Un cabinet canadien dans la cité de l'or!

Pour certains cabinets, la Coupe du monde sert carrément de vitrine sur le monde.

«Pour nous, c'est l'occasion de promouvoir la nature et la spécificité de nos services», dit Al Gourley. Cet avocat est l'associé directeur de Fasken Martineau à Johannesburg, où le cabinet d'avocats pancanadien a ouvert un bureau en 2003 pour élargir sa pratique en droit minier international. Le bureau compte aujourd'hui sept avocats. Ils font essentiellement des fusions et acquisitions et du financement pour des clients nord-américains, européens et sud-africains qui travaillent dans les secteurs des ressources, des mines, de l'énergie et des télécommunications.

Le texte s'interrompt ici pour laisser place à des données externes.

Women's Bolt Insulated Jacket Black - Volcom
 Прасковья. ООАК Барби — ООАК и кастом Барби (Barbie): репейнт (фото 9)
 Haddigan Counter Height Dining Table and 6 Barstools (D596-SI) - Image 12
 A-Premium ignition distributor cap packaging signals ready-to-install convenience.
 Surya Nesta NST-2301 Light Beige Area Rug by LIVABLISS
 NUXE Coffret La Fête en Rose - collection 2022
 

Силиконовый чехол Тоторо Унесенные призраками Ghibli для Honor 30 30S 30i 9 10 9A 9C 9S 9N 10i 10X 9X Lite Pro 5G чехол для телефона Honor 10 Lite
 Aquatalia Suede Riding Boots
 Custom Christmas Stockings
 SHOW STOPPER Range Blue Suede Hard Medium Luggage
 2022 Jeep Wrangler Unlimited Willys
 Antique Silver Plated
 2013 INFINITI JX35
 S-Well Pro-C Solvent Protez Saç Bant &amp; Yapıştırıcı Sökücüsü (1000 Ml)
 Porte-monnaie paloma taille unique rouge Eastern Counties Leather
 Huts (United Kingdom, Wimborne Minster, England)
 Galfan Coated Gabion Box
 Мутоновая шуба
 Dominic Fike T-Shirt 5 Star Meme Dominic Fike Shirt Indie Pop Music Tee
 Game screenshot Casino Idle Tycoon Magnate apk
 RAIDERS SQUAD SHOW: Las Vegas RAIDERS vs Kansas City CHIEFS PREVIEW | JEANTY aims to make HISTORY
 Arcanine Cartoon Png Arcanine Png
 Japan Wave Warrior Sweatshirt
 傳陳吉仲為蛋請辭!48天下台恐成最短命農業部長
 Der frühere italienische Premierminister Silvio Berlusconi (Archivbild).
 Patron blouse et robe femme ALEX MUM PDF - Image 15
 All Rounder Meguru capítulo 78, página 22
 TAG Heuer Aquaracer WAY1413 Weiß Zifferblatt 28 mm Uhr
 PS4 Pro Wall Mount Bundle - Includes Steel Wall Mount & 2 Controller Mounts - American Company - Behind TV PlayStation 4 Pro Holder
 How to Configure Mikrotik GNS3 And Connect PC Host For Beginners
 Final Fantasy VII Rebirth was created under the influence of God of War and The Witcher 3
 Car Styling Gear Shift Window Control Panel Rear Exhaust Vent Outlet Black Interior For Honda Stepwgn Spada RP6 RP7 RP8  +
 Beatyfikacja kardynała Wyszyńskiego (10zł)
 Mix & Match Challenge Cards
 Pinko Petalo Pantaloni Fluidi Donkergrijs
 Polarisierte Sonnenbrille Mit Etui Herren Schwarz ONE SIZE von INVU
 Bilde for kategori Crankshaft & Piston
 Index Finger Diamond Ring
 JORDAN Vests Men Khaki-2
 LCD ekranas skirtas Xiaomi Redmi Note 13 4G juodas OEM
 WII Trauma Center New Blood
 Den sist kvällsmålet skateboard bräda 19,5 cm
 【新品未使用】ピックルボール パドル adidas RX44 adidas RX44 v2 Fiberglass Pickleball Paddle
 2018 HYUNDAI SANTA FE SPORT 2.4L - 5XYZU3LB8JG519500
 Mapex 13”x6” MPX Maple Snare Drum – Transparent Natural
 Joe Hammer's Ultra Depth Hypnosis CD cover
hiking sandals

Pour ce premier week-end du tournoi, le cabinet a ainsi invité une vingtaine de ses clients, des banquiers et entrepreneurs pour la plupart. À part le billet d'avion, tous les frais étaient assumés par Fasken: l'hôtel, la bouffe, les billets pour le foot, même une petite excursion safari!

«Ce qu'on voulait, c'est leur montrer à quel point on peut bien s'occuper de leurs affaires en Afrique», explique Al Gourley.

La propriété intellectuelle a la cote

Pour les cabinets plus locaux, ce sont surtout les secteurs des télécommunications, de la construction et de l'énergie qui ont jusqu'à présent tenu les juristes occupés. Et l'augmentation de 0,5 point de pourcentage de la croissance du PIB jumelée à la hausse attendue du tourisme devraient assurer un flux de dossiers pour encore quelques années.

Un des plus grands cabinets du pays, Edward Nathan Sonnenbergs, de Johannesburg, qui compte 360 avocats, conseille la FIFA en matière de protection de la propriété intellectuelle, un secteur chaud et en pleine croissance. Les avocats sud-africains sont inondés de dossiers alors que le gros de la valeur commerciale liée au tournoi dépend de ses marques de commerce. La FIFA a enregistré des dizaines de marques en Afrique du Sud, accordant même à ses partenaires le monopole d'utiliser les mots World Cup, et les symboles de l'événement.

Beaucoup de marchands et de petits malfrats qui ont vendu des produits sans se soumettre aux lois ont d'ailleurs été accusés de publicité trompeuse (ambush marketing) et sont obligés aujourd'hui de consulter des avocats criminalistes ou spécialistes en propriété intellectuelle. Il faut dire que la contrefaçon a pris des proportions gigantesques. Déjà, en 2006, en Allemagne, la situation était préoccupante, mais rien comparativement aux 50 000 plaintes qui ont été rapportées jusqu'ici aux autorités sud-africaines.

Un autre domaine de droit qui est au premier plan est celui de la concurrence, particulièrement dans l'industrie aérienne. Il a en effet été allégué que des transporteurs se seraient consultés pour gonfler leurs tarifs durant la Coupe du monde. Six entreprises font présentement l'objet d'une enquête pour collusion - dont South African Airways -, ce qui, conséquemment, tient plusieurs avocats occupés.

Les avocats en litige risquent de ne pas trop chômer non plus. Grâce notamment aux entreprises affectées par les zones d'exclusion qui entourent les stades où les matchs ont lieu. Ces microentreprises, pour la plupart, s'estiment lésées et espèrent compensation.

Les avocats comptent également sur l'arrivée des 3 millions de touristes; cela devrait faire augmenter la criminalité et provoquer une hausse de réclamations d'assurance. Un cabinet local a même décidé de se spécialiser en donnant des conseils sur des réclamations potentielles de spectateurs souffrant de troubles auditifs... résultat du bruit des vuvuzelas!